All entries are to be transcribed verbatim, but images are not carried over.
-------------------------
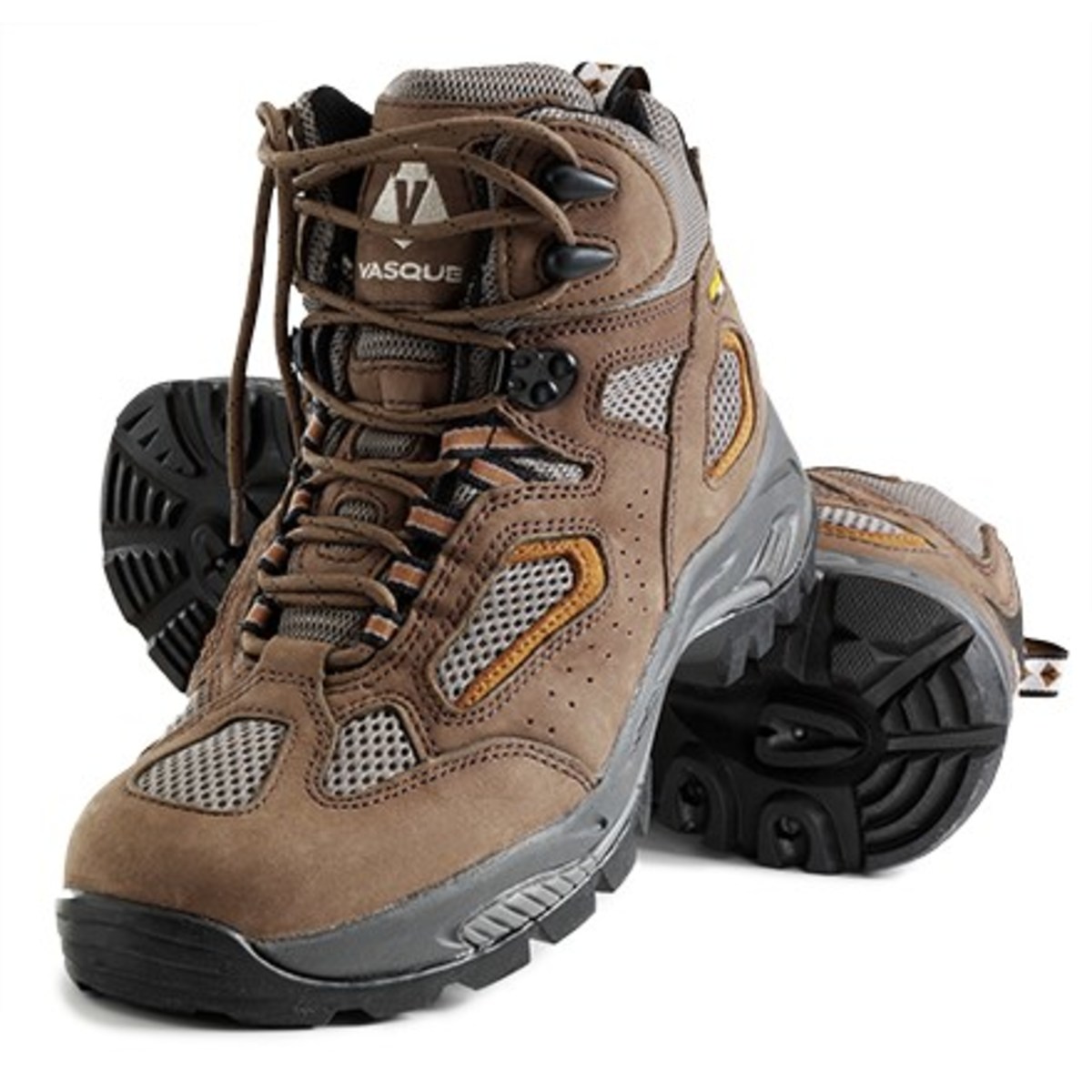 7 MustHaves for Backpacking Across Europe WanderWisdom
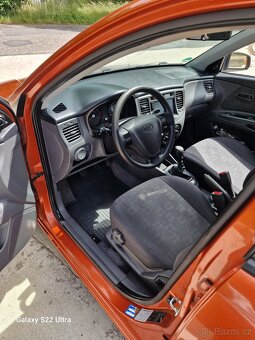 Kia Rio 1.4 DOHC 71kw rok 2009 - 8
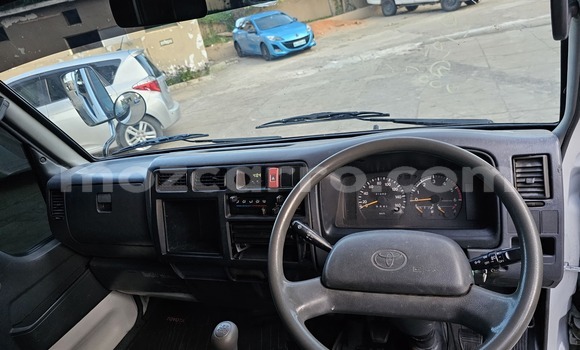 Nunua Ilio tumika Toyota Hiace Nyeupe Gari ndani ya Maputo nchini Maputo Nunua Ilio tumika Toyota Hiace Nyeupe Gari ndani ya Maputo nchini Maputo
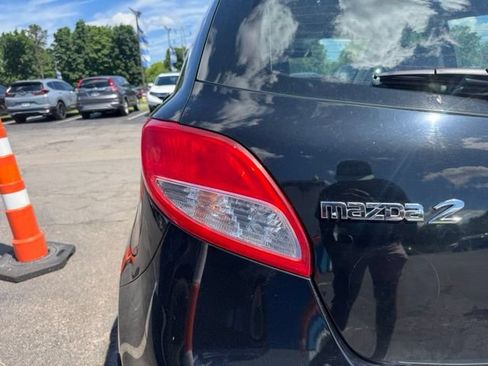 Used 2012 MAZDA MAZDA2 Sport FWD image 9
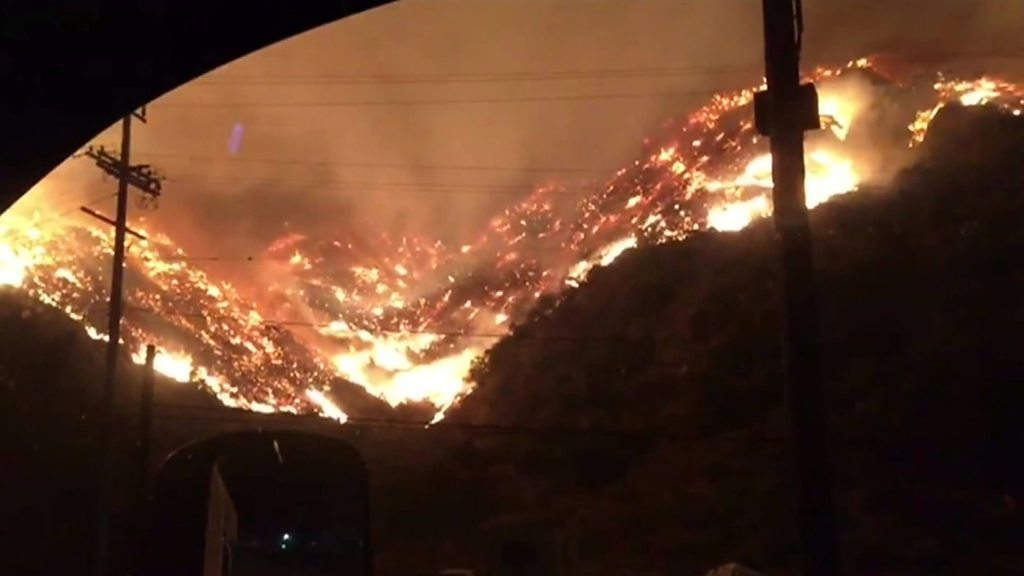 Californian fire jumps coastal highway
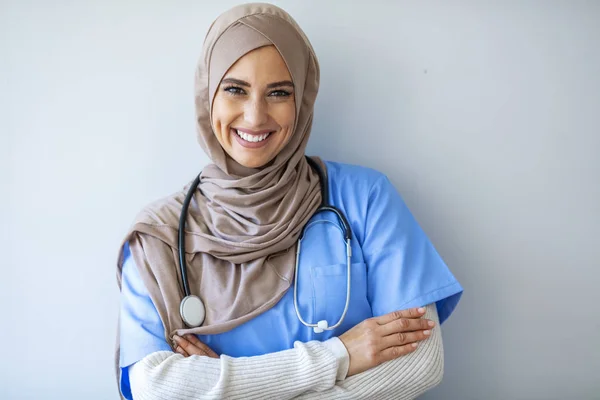 Portret Van Lachende Moslim Vrouwelijke Dokter Zelfverzekerde Vrouwelijke Verpleegster Close — Stockfoto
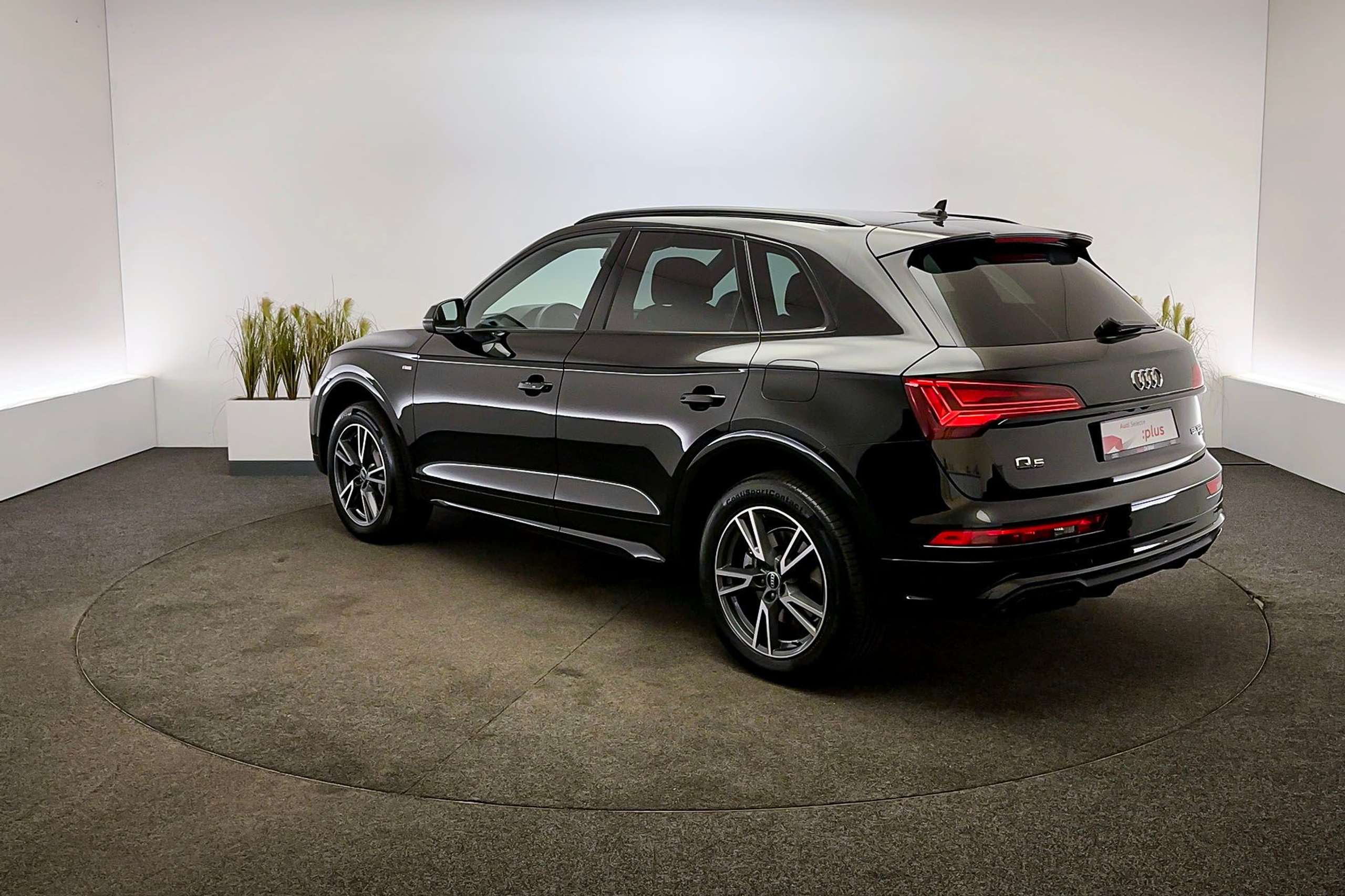 Audi - Q5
-------------------------
▶ [Answer]:
 7 MustHaves for Backpacking Across Europe WanderWisdom
 Kia Rio 1.4 DOHC 71kw rok 2009 - 8
 Nunua Ilio tumika Toyota Hiace Nyeupe Gari ndani ya Maputo nchini Maputo Nunua Ilio tumika Toyota Hiace Nyeupe Gari ndani ya Maputo nchini Maputo
 Used 2012 MAZDA MAZDA2 Sport FWD image 9
 Californian fire jumps coastal highway
 Portret Van Lachende Moslim Vrouwelijke Dokter Zelfverzekerde Vrouwelijke Verpleegster Close — Stockfoto
 Audi - Q5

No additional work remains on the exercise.